蘇靖就著暗光瞥了一眼窗外,那群人仍舊保持著初來的那個姿勢,立在門口宛如一尊尊白玉雕塑,一動未動。
然而他們的雙眼卻是明亮的,在黑夜裡有著寒冷的幽光,盯著院子的每一個角落。
他又酌了一杯,看見蘇靖惶惶不安。
這個才侍奉了他四個月的孩子,註定要捲入這場風波。不管事情成與不成,他已然是其中一員,逃都逃不掉了。
註定的罷……來到平倫島的人,都是身不由己。“蘇靖,睡去吧。”他終於說了一句。此時那位爺大約也已經遠離平倫島,接下來,只等待著看外頭的人知道事情後會如何便是。
——相比那封信,這何嘗又不是一個賭注,如若那些人不肯輕易放過他,那麼堵的就是性命。
蘇靖把視線從窗外移回來:“侯爺……”
“睡去。”他不再多說。蘇靖站起身來欲言又止,最終默默地退出了屋子。開門的那一瞬間猛然感覺到那群人的視線灼灼的燒過來。蘇靖不敢再看,垂著頭奔回自己的房間。
壺中的酒又沒有了。他慼慼的笑了笑,然而他沒想到,他的野心,外頭的人又何嘗沒有。
屋內忽然一暗,連那絲微弱的光也消失。涯佇立在門外一夜,光影從他臉上消失的剎那,鋼鐵般堅毅的面龐上終於閃過一絲不易察覺的笑意。

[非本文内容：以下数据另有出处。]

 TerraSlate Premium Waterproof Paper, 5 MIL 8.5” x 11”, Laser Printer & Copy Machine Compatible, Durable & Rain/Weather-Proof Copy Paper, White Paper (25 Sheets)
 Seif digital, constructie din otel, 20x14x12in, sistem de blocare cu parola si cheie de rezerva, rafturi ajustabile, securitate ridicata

——若少主不能在五月十一奉命到達大淮帝都,必會掀起一番混亂,總而言之,主子起了亂子,對於有心謀奪政權的他只會餘下極大的好處。
涯握緊佩劍,朝四面打了個撤退的手勢。
此時,這個族氏一方的統領拋棄了以往的“忠誠。”那一雙眼睛裡在異鄉的寒冷之夜、藏著蓄勢待發的利箭,似乎只需一刻,便能刺穿敵人心臟!
夜漸漸退。
清晨降臨平倫島,蘇靖剛起,睡眼朦朧的望著飛入房中細膩的晨光,在那一剎,他幾乎就要忘記了自己身在孤鄉。
那抹晨光帶著家鄉柔和的氣息,溫柔的映在他的臉上。
他渾然不知自己已經陷入一場無聲之戰。
屋外傳來朱門輕啟的聲音,蘇靖忽的清醒,迅速的爬起身來推開房門往外一看。一抹白袍正好消失在門角,而院落裡一片空蕩。
他打了個激靈便追著白袍跑出去。
潮水在早晨退卻,露出被淹沒了一夜的礁石。那艘華船停靠的地方漾著碧藍的海水,然而華船已不知去向。侯爺靜靜佇立在海岸邊。
空蕩的海面吹來徐風,回想起昨夜,恍如一夢。
2、
車隊的馬蹄聲在清晨時分從景州至帝都的驛道上傳出。
少女斜臥在車隊裡最為顯眼寬敞的赤紅車中,稚氣的臉龐上堆著滿滿的不悅,一旁的侍女端著早膳在一側已經跪了半個時辰,一路的顛簸不禁讓她膝蓋泛酸,可眼前的人就是不看她手中的早膳一眼。
“你退下吧。到後頭去隨著大郡主的車駕。”
來人掀起車簾柔聲道。侍女望了他一眼,如釋重負:“是,江校尉。”她起身半躬著將手裡的早膳遞給外頭的人,叫停了車,才輕輕的躍下去,快步走向了後頭另一輛幾近寬敞的白錦車中。
少女緊緊握著手裡的鞭子,也不理會來人。
江昭葉一笑:“你還真的要跟我置氣?睡了一夜,怎麼還燒著那麼大的火?”
“那你趕緊下去,火太大怕燒著你。”少女顯然不願與他起衝突,但語氣也並不友好。
江昭葉聽了反笑:“你往常可不是這樣子。”
“你管我什麼樣子!”少女忽然一喝,“你事事都要管著我不放,據我所知,江校尉還沒閒到這個份上才是。”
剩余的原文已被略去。